About this exercise →
Find the lines in the records below that contain "Rock", and report each of them.

══════════════════════════════

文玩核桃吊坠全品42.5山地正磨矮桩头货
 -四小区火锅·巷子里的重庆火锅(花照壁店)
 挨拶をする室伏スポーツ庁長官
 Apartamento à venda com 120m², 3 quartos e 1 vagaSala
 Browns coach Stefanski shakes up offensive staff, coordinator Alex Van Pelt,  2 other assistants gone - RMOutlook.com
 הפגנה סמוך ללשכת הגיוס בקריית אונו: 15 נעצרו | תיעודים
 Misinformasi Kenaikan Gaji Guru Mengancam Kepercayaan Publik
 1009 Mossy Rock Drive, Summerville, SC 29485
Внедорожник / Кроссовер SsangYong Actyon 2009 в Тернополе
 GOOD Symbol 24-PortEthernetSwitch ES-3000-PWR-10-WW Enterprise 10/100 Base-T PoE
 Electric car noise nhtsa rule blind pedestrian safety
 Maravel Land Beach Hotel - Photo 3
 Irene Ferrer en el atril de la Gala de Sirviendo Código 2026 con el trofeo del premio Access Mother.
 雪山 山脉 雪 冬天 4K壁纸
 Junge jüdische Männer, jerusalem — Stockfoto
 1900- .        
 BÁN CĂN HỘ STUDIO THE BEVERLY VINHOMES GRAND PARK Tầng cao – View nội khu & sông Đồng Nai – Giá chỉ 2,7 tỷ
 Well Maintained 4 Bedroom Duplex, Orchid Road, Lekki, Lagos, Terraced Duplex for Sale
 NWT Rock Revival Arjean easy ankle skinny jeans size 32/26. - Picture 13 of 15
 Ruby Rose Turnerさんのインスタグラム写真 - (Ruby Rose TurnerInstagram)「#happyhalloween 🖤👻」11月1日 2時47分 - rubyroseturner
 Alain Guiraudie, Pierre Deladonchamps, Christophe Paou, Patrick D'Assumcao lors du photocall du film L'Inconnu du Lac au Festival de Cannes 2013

══════════════════════════════

Problem solution →
 1009 Mossy Rock Drive, Summerville, SC 29485
 NWT Rock Revival Arjean easy ankle skinny jeans size 32/26. - Picture 13 of 15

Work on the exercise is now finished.